On the night of 26–27 March 1996, seven monks from the Atlas Abbey of Tibhirine, near Médéa, in Algeria, belonging to the Roman Catholic Order of Cistercians of the Strict Observance (known as Trappists) were kidnapped during the Algerian Civil War. They were held for two months, and were found dead in late May 1996.

The circumstances of their kidnapping and death remain controversial; the Armed Islamic Group (Groupe Islamique Armé, GIA) claimed responsibility for both, but in 2009, retired General François Buchwalter reported that the monks had been accidentally killed by the Algerian army.[2]

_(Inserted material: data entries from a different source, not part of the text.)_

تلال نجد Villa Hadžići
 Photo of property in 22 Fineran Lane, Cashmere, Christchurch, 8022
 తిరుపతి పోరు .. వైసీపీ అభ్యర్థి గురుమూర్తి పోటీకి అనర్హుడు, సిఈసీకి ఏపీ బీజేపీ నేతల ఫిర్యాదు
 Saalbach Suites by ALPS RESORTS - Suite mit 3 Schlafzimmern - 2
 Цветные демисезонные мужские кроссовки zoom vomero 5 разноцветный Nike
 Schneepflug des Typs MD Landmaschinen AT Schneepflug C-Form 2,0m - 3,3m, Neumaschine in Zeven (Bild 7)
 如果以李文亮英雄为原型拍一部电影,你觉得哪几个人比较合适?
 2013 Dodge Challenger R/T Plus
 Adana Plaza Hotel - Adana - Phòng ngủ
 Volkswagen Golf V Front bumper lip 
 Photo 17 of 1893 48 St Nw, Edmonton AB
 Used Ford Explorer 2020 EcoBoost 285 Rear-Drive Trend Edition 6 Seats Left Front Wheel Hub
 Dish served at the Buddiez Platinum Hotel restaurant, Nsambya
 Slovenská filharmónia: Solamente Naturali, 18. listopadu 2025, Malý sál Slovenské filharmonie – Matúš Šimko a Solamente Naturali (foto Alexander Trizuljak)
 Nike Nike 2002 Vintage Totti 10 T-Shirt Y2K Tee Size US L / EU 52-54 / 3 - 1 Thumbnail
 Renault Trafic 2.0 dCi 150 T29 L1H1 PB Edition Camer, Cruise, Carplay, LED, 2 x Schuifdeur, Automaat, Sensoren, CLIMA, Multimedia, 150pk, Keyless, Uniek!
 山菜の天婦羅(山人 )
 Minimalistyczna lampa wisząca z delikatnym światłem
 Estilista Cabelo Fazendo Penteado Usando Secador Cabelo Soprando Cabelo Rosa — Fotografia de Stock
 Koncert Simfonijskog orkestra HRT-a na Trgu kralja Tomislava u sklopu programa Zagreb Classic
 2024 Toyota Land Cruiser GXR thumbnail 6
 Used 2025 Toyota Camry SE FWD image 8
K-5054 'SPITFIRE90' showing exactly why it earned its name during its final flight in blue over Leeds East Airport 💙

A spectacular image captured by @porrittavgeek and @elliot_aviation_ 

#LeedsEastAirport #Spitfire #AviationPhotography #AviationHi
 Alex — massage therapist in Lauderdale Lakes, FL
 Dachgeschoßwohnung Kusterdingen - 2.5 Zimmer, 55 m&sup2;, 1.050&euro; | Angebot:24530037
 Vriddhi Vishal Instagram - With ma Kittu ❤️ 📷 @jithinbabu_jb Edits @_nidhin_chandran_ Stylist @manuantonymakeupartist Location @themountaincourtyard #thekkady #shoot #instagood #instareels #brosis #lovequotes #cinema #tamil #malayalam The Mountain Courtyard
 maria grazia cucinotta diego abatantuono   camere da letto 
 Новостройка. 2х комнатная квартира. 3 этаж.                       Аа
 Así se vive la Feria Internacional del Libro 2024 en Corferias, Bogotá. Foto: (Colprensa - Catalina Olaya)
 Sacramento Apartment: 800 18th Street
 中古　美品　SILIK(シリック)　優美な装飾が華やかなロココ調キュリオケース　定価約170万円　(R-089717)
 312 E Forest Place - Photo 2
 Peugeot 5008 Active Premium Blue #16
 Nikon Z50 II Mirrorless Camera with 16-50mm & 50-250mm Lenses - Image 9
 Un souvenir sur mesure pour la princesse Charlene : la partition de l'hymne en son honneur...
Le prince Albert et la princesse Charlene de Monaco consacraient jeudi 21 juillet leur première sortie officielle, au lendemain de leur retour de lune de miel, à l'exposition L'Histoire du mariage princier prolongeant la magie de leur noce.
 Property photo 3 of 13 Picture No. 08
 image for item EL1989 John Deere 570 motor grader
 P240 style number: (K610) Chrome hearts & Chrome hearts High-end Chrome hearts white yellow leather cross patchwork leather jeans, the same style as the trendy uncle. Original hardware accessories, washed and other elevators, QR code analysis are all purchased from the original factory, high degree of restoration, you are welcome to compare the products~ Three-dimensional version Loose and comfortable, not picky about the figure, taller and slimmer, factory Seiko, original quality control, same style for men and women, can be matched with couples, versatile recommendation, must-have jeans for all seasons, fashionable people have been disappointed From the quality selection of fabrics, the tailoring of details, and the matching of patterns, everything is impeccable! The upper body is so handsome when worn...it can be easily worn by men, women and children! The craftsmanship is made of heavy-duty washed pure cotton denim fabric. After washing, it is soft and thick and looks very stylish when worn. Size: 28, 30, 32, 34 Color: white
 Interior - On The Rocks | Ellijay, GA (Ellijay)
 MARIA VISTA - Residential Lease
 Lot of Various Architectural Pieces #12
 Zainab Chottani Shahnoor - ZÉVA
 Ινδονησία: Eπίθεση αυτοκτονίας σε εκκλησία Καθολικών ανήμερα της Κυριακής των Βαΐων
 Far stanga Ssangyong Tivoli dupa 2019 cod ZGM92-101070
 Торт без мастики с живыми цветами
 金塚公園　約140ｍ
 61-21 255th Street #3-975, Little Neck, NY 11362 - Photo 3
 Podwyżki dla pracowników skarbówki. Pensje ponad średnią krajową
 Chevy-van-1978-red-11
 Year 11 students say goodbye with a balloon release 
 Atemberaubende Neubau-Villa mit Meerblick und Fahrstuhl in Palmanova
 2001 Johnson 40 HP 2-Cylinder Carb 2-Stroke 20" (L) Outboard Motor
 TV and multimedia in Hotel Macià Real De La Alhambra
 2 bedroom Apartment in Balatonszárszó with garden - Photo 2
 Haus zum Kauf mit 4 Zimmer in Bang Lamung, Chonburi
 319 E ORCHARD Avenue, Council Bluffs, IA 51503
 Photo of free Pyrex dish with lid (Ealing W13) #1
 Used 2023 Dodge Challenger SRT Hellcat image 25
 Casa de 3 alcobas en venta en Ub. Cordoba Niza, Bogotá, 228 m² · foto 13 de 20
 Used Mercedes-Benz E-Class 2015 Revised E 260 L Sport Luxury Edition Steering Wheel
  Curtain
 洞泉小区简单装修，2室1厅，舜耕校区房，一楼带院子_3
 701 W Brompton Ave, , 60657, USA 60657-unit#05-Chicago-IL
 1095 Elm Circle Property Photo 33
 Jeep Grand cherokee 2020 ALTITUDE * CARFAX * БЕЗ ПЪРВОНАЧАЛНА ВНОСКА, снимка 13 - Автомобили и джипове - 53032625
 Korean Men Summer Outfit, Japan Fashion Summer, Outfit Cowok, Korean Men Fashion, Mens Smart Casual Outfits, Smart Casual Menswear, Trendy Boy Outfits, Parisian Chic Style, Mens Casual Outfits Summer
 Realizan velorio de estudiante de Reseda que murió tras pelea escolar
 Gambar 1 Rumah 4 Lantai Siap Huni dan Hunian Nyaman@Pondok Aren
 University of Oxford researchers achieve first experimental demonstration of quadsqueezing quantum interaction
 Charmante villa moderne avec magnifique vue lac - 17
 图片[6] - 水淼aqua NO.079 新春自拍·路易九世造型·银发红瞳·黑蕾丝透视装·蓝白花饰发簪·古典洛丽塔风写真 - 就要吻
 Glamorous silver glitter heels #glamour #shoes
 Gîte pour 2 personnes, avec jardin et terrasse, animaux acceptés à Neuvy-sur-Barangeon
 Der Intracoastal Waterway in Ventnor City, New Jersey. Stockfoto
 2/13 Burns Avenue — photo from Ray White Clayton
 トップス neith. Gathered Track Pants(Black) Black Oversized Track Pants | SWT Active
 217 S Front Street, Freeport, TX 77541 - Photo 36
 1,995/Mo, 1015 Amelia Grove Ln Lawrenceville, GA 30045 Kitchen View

File:Monastere de tibhirine.jpg
Monastery of Tibhirine

At approximately 1:15 AM on 27 March 1996, about twenty armed members of the Armed Islamic Group (GIA) arrived at the monastery of Tibhirine and kidnapped seven monks. Two others, Father Jean-Pierre and Father Amédée, were in separate rooms and escaped the kidnappers' notice. After the kidnappers left, the remaining monks attempted to contact the police, but found that the telephone lines had been cut. As there was a curfew in force, they had to wait until morning to drive to the police station in Médéa.

On 18 April, the GIA's communique no. 43 announced that they would release the monks in exchange for Abdelhak Layada, a former GIA leader who had been arrested three years earlier. On 30 April, a tape with the voices of the kidnapped monks, recorded on 20 April, was delivered to the French Embassy in Algiers. On 23 May, the GIA's communique no. 44 reported that they had executed the monks on 21 May. The Algerian government announced that their heads had been discovered on May 31; the whereabouts of their bodies is unknown. The funeral Mass for the monks was celebrated in the Catholic Cathedral of Notre Dame d'Afrique (Our Lady of Africa) in Algiers on Sunday, 2 June 1996. They were buried in the cemetery of the monastery at Tibhirine two days later.[3]

The surviving two monks of Tibhirine left Algeria and set up in a Trappist monastery near Midelt in Morocco.[4]

The monks

All seven monks killed were French. They were: Dom Christian de Chergé, Brother Luc (born Paul Dochier), Father Christophe (Lebreton), Brother Michel (Fleury), Father Bruno (born Christian Lemarchand), Father Célestin (Ringeard), and Brother Paul (Favre-Miville).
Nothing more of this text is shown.